Should show the entire paragraph in the degenative cases (the paragraph only has 1 or 2 lines)
Here's an example:
This is the 1st line of CAT text in the paragraph
This is the 2nd line of BIRD text in the paragraph
This is the 3rd line of MOUSE text in the paragraph
This is the 4th line of DOG text in the paragraph
This is the 5th line of RABBIT text in the paragraph
Example, if my index points to BIRD, it should show lines 1, 2, & 3 as one complete string like this:
This is the 1st line of CAT text in the paragraph
This is the 2nd line of BIRD text in the paragraph
This is the 3rd line of MOUSE text in the paragraph
If my index points to DOG, it should show lines 3, 4, & 5 as one complete string like this:
This is the 3rd line of MOUSE text in the paragraph
This is the 4th line of DOG text in the paragraph
This is the 5th line of RABBIT text in the paragraph
etc.
Anybody want to help tackle this?

In my opinion this is an excellent opportunity to use the StringReader class:
Read your text line by line.
Keep your lines in some kind of buffer (e.g., a Queue<string>), dropping lines you don't need after a given number of lines have been read.

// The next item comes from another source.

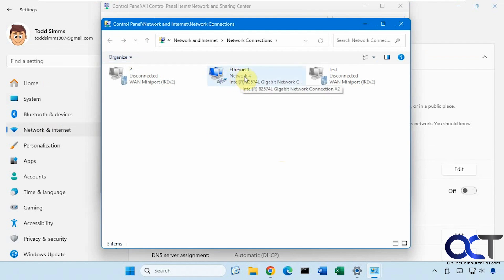So we did a video on how to change this name here on the top, Ethernet 1, which is pretty simple. So I'll put a link in the description for that. But today we're going to show you how to change the actual network name here, so this network 4.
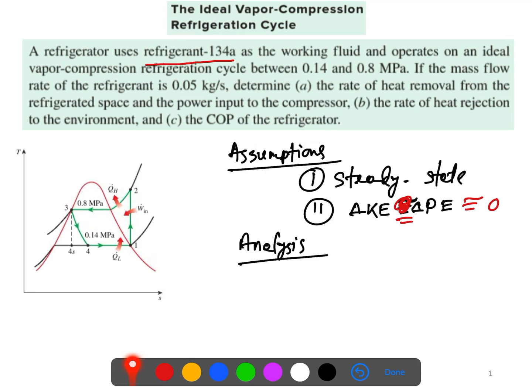When we start the analysis, the first thing we'll do is calculate the enthalpy for each state, because we're looking for QL, QH, and W_in, and we said kinetic and potential energy are zero.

Once your "needle" is found, read one more line (if possible) and then just return what's in your buffer.
In my opinion, this has some advantages over the other approaches suggested:
Since it doesn't utilize String.Split, it doesn't do more work than you need -- i.e., reading the entire string looking for the characters to split on, and creating an array of the substrings.
In fact, it doesn't necessarily read the entire string at all, since once it finds the text it's looking for it only goes as far as necessary to get the desired number of padding lines.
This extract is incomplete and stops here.